All-optical switching has always previously been obtained with low repetition rate pulse sequences. In their recent paper, the Smadici group asked: can switching be realized by directly applying the fast pulse sequence of a TiS oscillator? Farzaneh Hoveyda, Erich Hohenstein & Serban Smadici explain their approach to this question in their own words below.
The answer to the above question, in short, is “yes”. Examination of images shows both that this switching occurs by domain wall motion, and the importance of heat accumulation.
This may bring to mind experiments in magnetic bubble materials, but with the difference that the domains are nucleated by the laser, and the large coercive field keeps the domains stable without an external field. TiS lasers are beginning to be applied in manufacturing processes on a large scale, and obtaining switching directly from an oscillator simplifies potential practical implementations.

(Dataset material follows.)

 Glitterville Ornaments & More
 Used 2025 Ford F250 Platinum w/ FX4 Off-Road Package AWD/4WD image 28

All-optical switching (AOS) between thermal demagnetization (TD) stripes. Adapted from J. Phys. Condens. Matter 29 225801 © IOP Publishing
The unique properties of these lasers have often expanded the frontiers of science in unpredictable ways. In particular, ultrafast magnetism evolved over the last twenty years from impossibility to a promising research field. Magnetization was expected to respond in the stately precession of a classical macrospin with periods of hundreds of picoseconds (1 ps = 10,-12 s) to a very short transient disturbance. To the delight of everyone, the magnetization could be made to change within a few hundred femtoseconds (1 fs = 10-15 s). As it turned out, a classical macrospin fragments into a quantum state with an ultrafast time-evolution when a large amount of energy is inserted very quickly into the material by the light pulse.
All-optical switching to a single-domain final state (in contrast to the above demagnetization) in ferrimagnetic and ferromagnetic materials provided further challenges. Novel quantum models explained the switching in ferrimagnets. However, switching in ferromagnets cannot be similarly obtained, since ferrimagnetic models rely on specific exchange interactions between the two magnetic sub-lattices.

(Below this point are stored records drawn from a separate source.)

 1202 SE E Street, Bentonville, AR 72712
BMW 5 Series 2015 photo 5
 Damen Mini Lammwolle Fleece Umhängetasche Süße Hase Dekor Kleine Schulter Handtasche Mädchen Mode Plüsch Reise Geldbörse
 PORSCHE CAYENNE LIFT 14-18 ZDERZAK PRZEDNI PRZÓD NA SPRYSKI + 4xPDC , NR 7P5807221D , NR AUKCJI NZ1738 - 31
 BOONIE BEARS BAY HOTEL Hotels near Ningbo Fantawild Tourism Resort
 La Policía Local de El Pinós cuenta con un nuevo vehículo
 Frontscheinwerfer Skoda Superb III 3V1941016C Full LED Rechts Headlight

This suggested that we could make a contribution to this dynamic topic. Our results demonstrate switching in ferromagnetic materials under new experimental conditions. Can the observed large temperature variations be useful? We are searching for a better understanding of the transient state obtained after excitation with time-resolved measurements of magnetization and temperature.
About the authors

From left to right: Erich Hohenstein, Farzaneh Hoveyda & Serban Smadici
Farzaneh Hoveyda and Erich Hohenstein are completing a PhD and MS, respectively, at the University of Louisville. Serban Smadici graduated from Columbia University in 2005 with expertise in ultrafast science, and joined the University of Louisville in 2013 after working at Brookhaven National Laboratory and University of Illinois at Urbana-Champaign on X-ray scattering at the National Synchrotron Light Source.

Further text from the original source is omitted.